**Problem to work on**
Copy everything in the records, character for character, except images.

**Raw data**

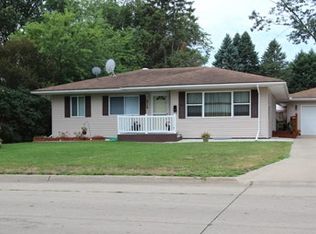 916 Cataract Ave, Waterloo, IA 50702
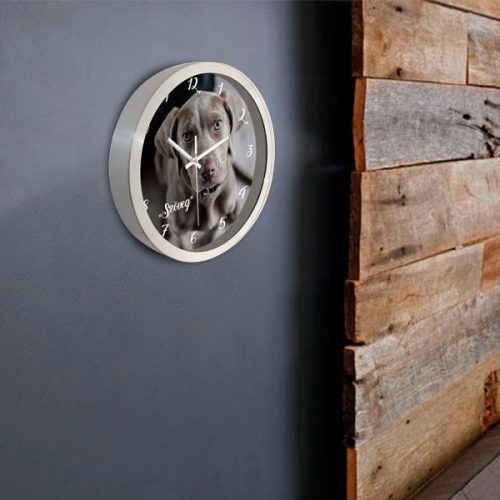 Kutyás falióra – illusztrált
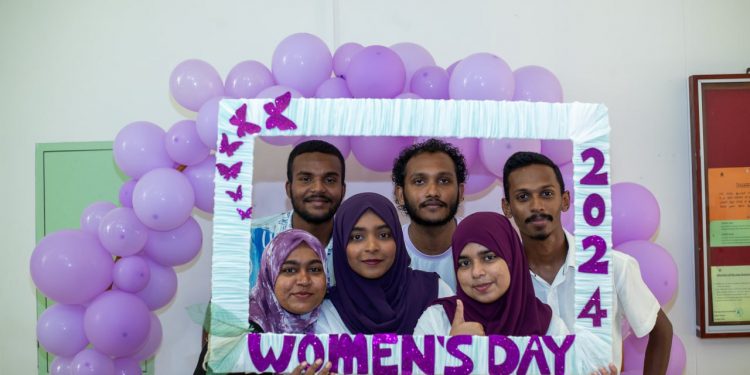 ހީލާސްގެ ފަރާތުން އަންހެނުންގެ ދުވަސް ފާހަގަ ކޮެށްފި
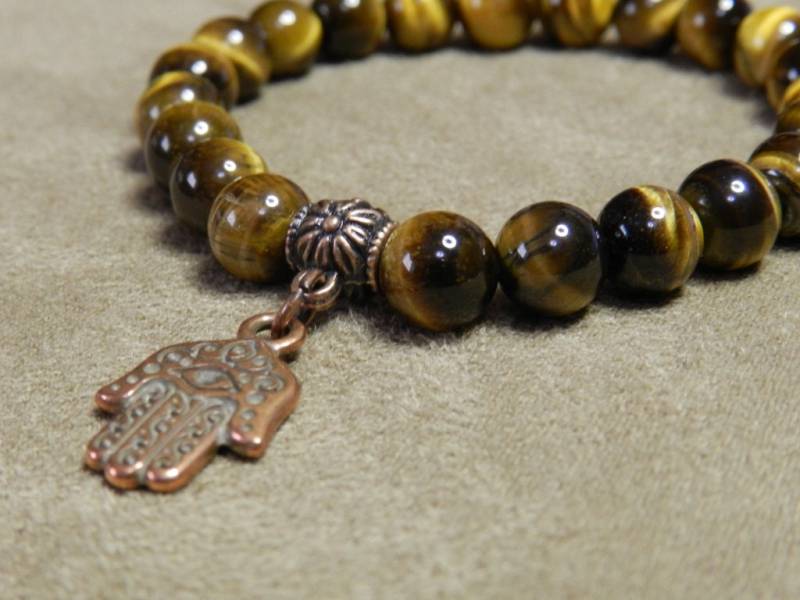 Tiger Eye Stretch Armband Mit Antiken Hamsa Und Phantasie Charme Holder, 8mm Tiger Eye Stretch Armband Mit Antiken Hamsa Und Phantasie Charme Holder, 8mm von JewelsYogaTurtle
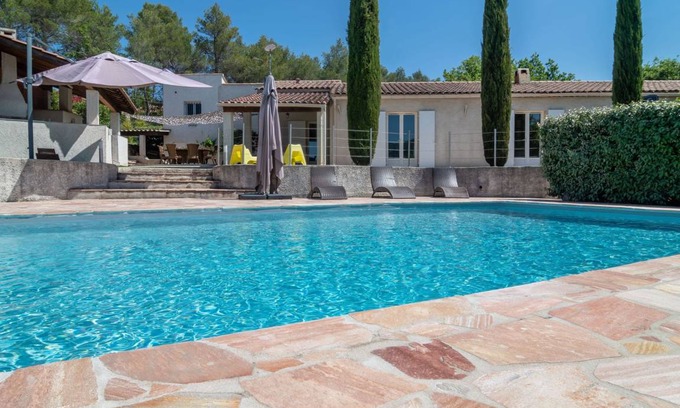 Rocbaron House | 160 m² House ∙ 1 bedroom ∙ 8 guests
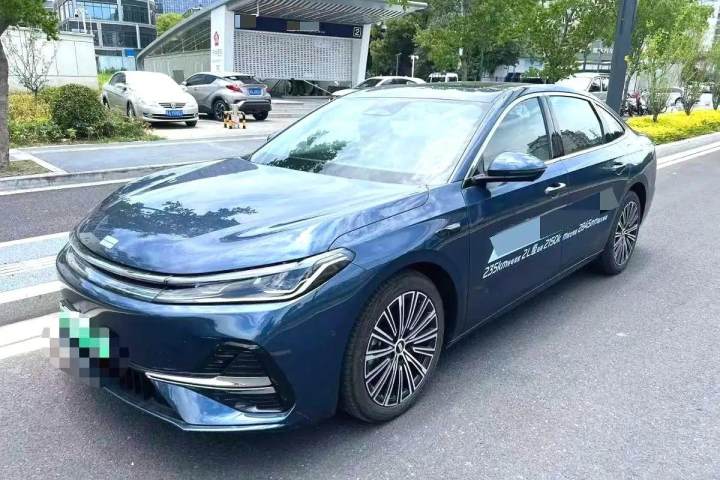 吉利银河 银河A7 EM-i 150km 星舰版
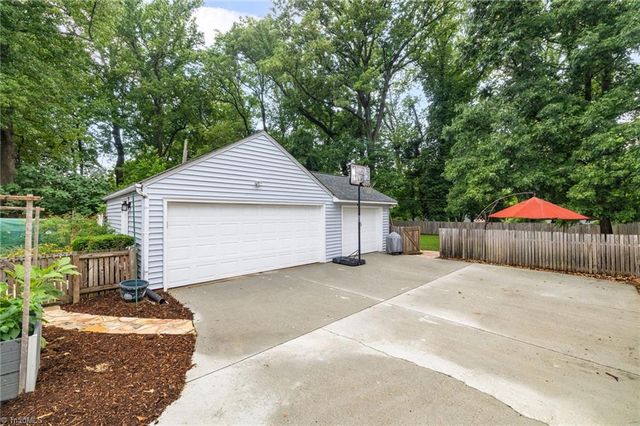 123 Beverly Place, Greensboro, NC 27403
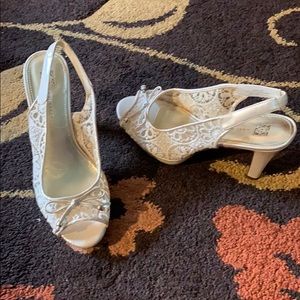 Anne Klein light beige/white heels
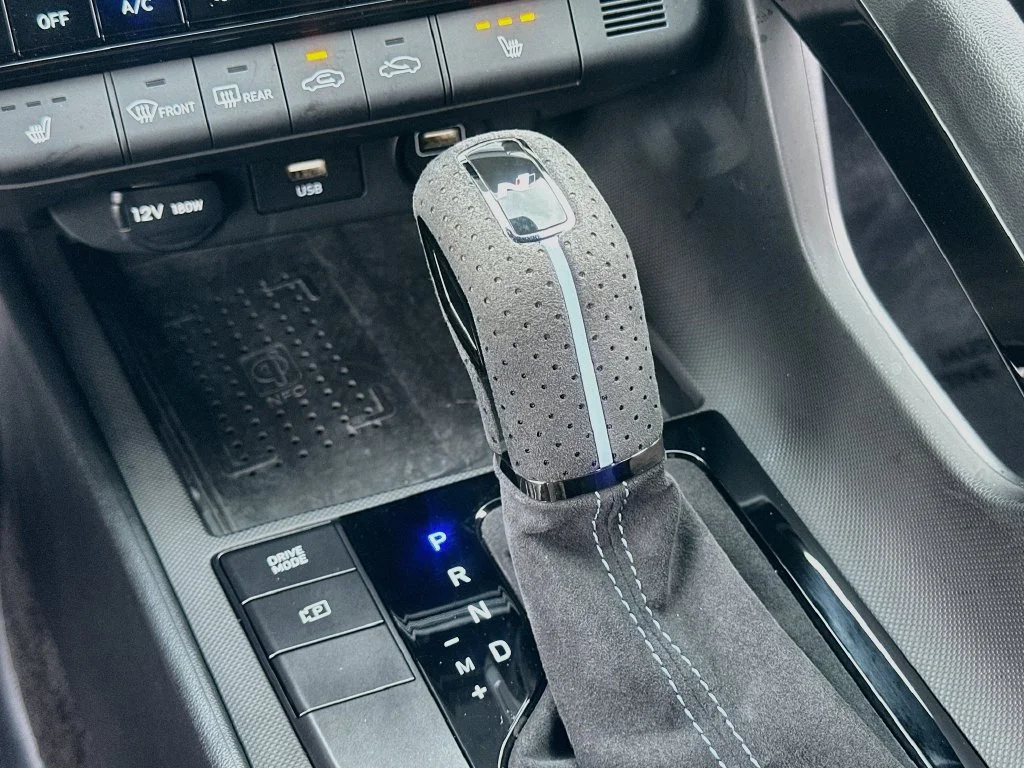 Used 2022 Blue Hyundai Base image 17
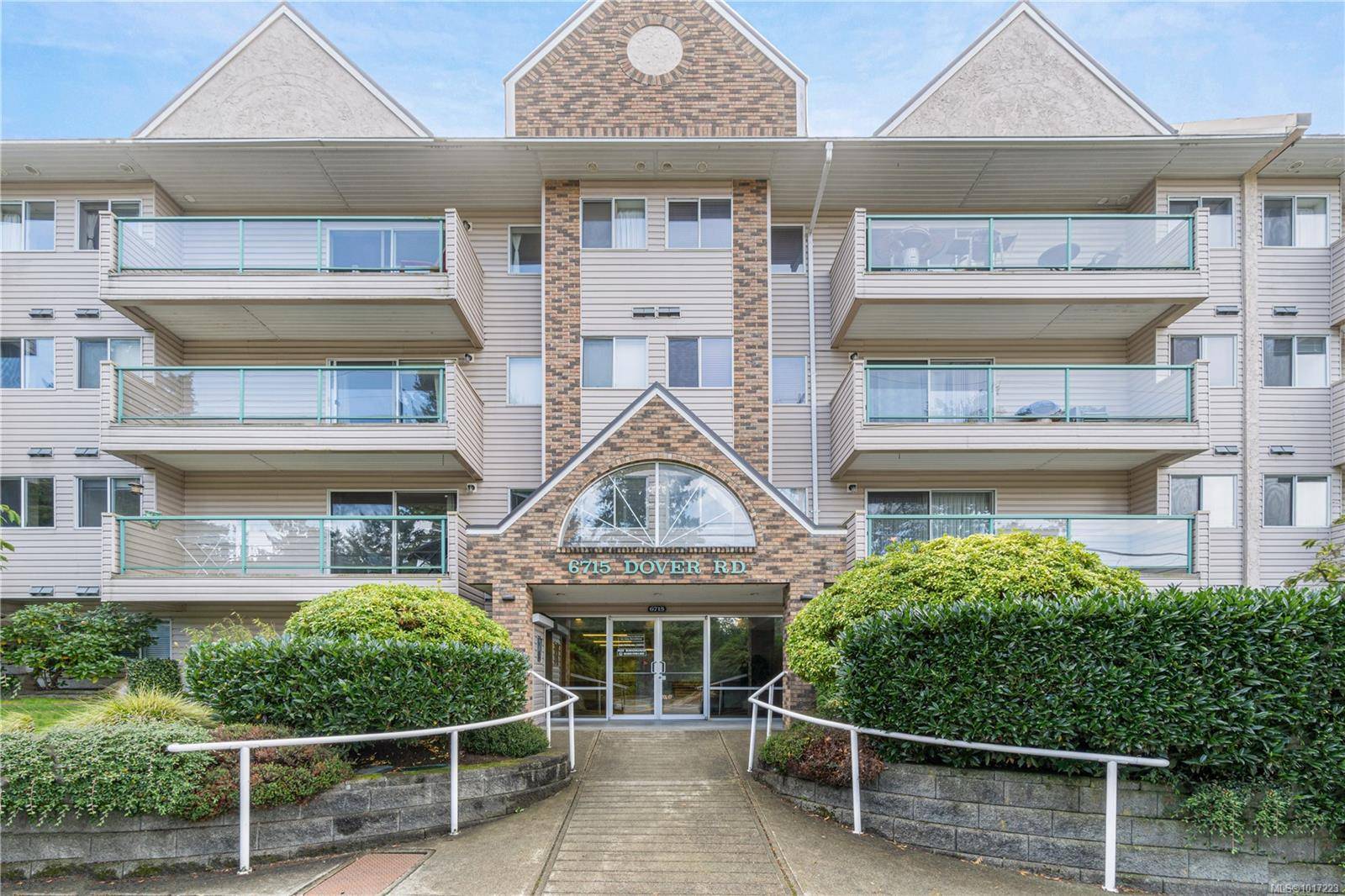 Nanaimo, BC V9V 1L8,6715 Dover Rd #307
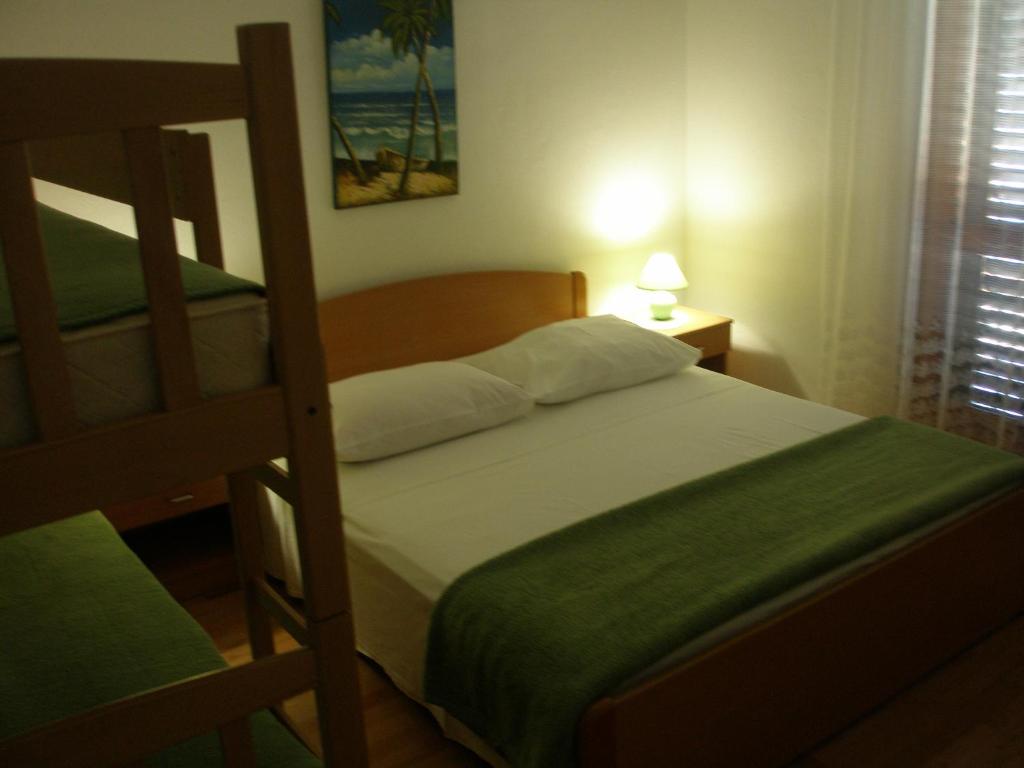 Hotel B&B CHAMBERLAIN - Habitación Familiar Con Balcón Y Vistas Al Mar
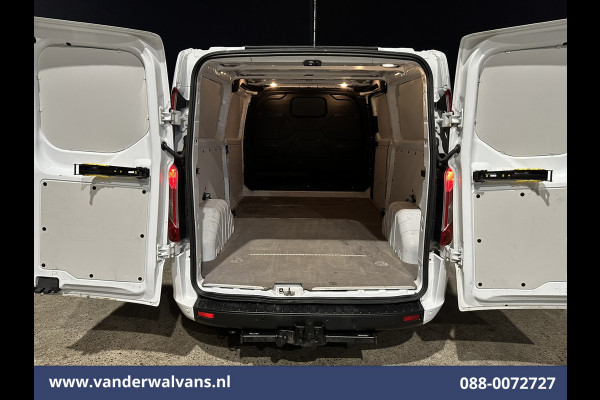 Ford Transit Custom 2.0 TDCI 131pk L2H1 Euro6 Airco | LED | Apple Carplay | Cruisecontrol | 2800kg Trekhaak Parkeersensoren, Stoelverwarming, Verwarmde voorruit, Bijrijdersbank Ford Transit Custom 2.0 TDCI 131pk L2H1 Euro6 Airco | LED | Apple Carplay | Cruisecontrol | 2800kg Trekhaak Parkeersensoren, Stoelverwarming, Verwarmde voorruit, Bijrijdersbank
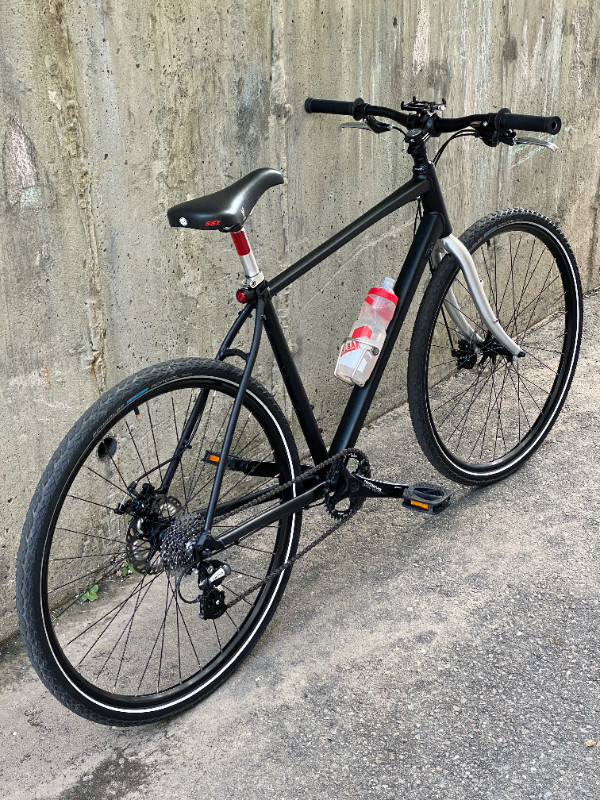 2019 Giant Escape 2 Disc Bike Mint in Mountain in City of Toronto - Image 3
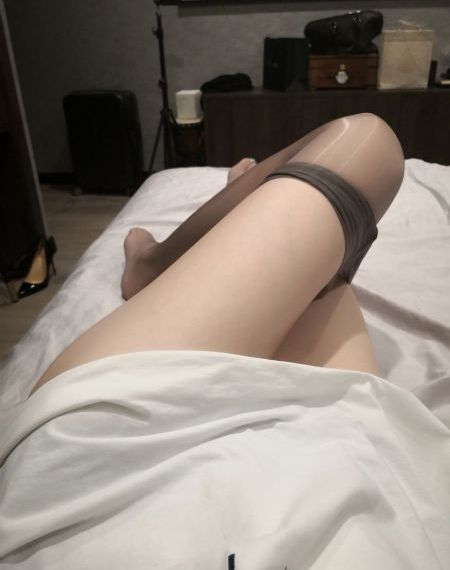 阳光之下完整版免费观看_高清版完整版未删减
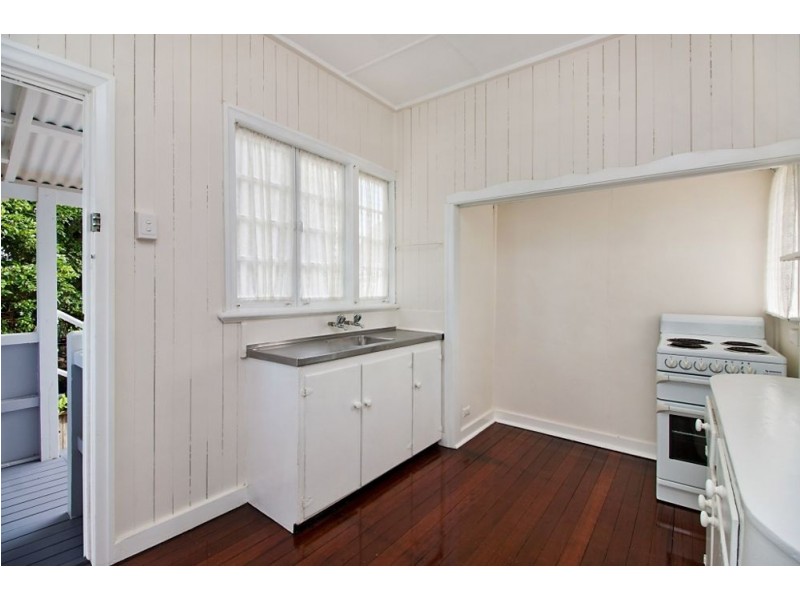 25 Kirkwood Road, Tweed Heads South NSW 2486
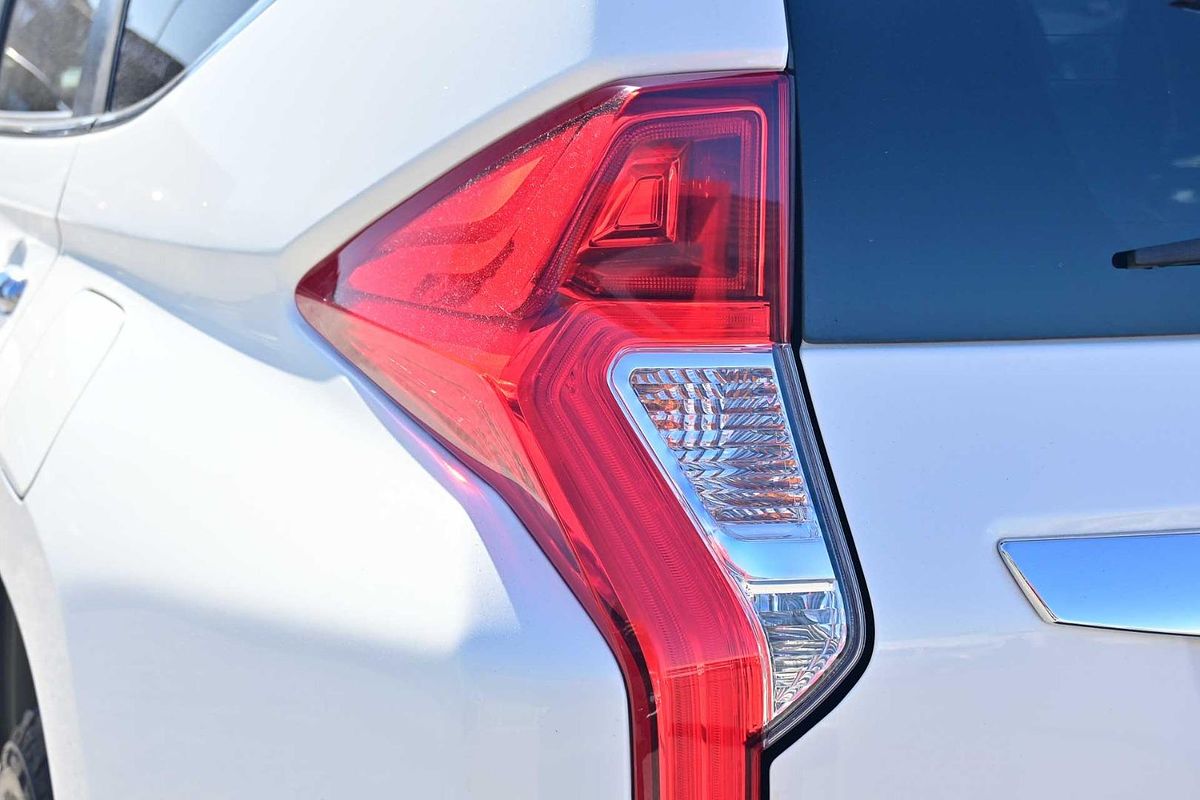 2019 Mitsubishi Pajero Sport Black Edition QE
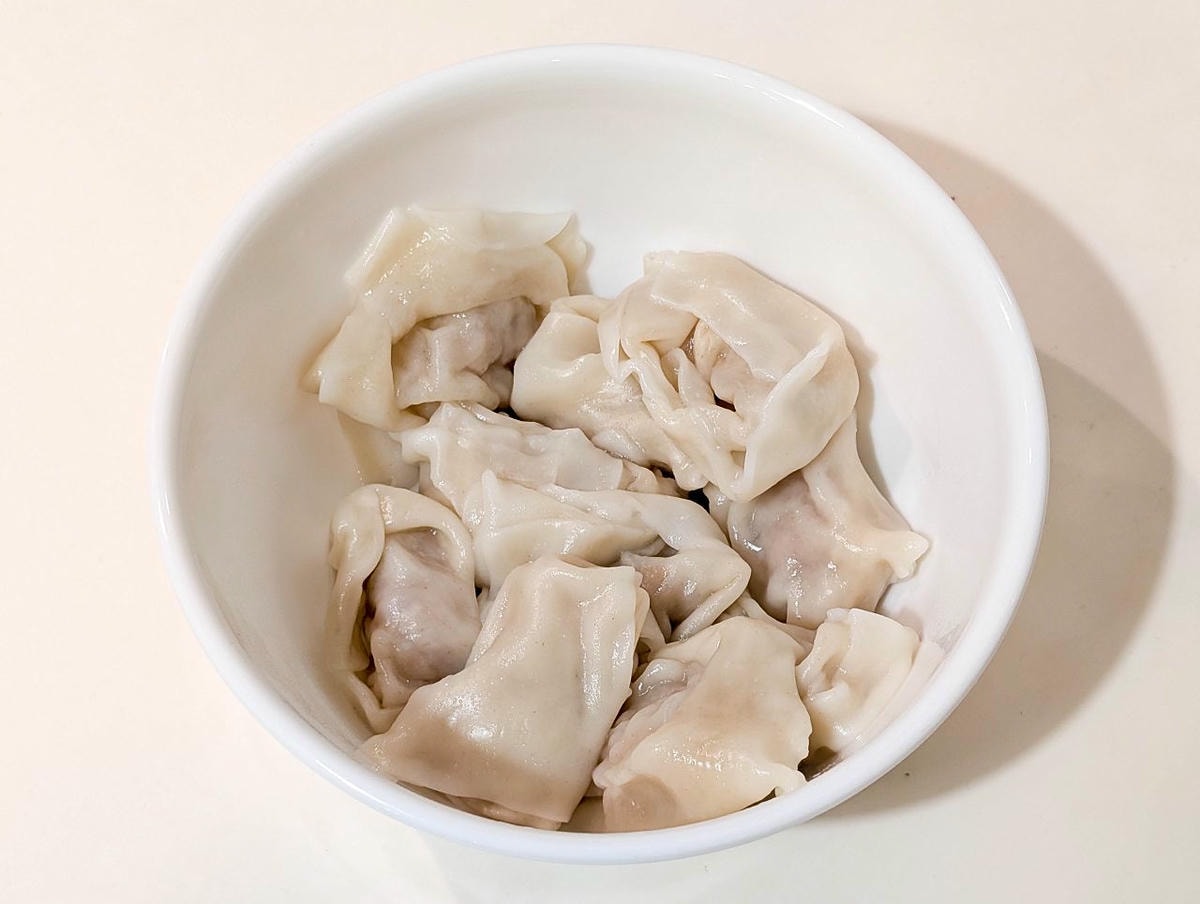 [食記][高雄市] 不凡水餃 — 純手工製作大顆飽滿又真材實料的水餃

**Response below**
 916 Cataract Ave, Waterloo, IA 50702
 Kutyás falióra – illusztrált
 ހީލާސްގެ ފަރާތުން އަންހެނުންގެ ދުވަސް ފާހަގަ ކޮެށްފި
 Tiger Eye Stretch Armband Mit Antiken Hamsa Und Phantasie Charme Holder, 8mm Tiger Eye Stretch Armband Mit Antiken Hamsa Und Phantasie Charme Holder, 8mm von JewelsYogaTurtle
 Rocbaron House | 160 m² House ∙ 1 bedroom ∙ 8 guests
 吉利银河 银河A7 EM-i 150km 星舰版
 123 Beverly Place, Greensboro, NC 27403
 Anne Klein light beige/white heels
 Used 2022 Blue Hyundai Base image 17
 Nanaimo, BC V9V 1L8,6715 Dover Rd #307
 Hotel B&B CHAMBERLAIN - Habitación Familiar Con Balcón Y Vistas Al Mar
 Ford Transit Custom 2.0 TDCI 131pk L2H1 Euro6 Airco | LED | Apple Carplay | Cruisecontrol | 2800kg Trekhaak Parkeersensoren, Stoelverwarming, Verwarmde voorruit, Bijrijdersbank Ford Transit Custom 2.0 TDCI 131pk L2H1 Euro6 Airco | LED | Apple Carplay | Cruisecontrol | 2800kg Trekhaak Parkeersensoren, Stoelverwarming, Verwarmde voorruit, Bijrijdersbank
 2019 Giant Escape 2 Disc Bike Mint in Mountain in City of Toronto - Image 3
 阳光之下完整版免费观看_高清版完整版未删减
 25 Kirkwood Road, Tweed Heads South NSW 2486
 2019 Mitsubishi Pajero Sport Black Edition QE
 [食記][高雄市] 不凡水餃 — 純手工製作大顆飽滿又真材實料的水餃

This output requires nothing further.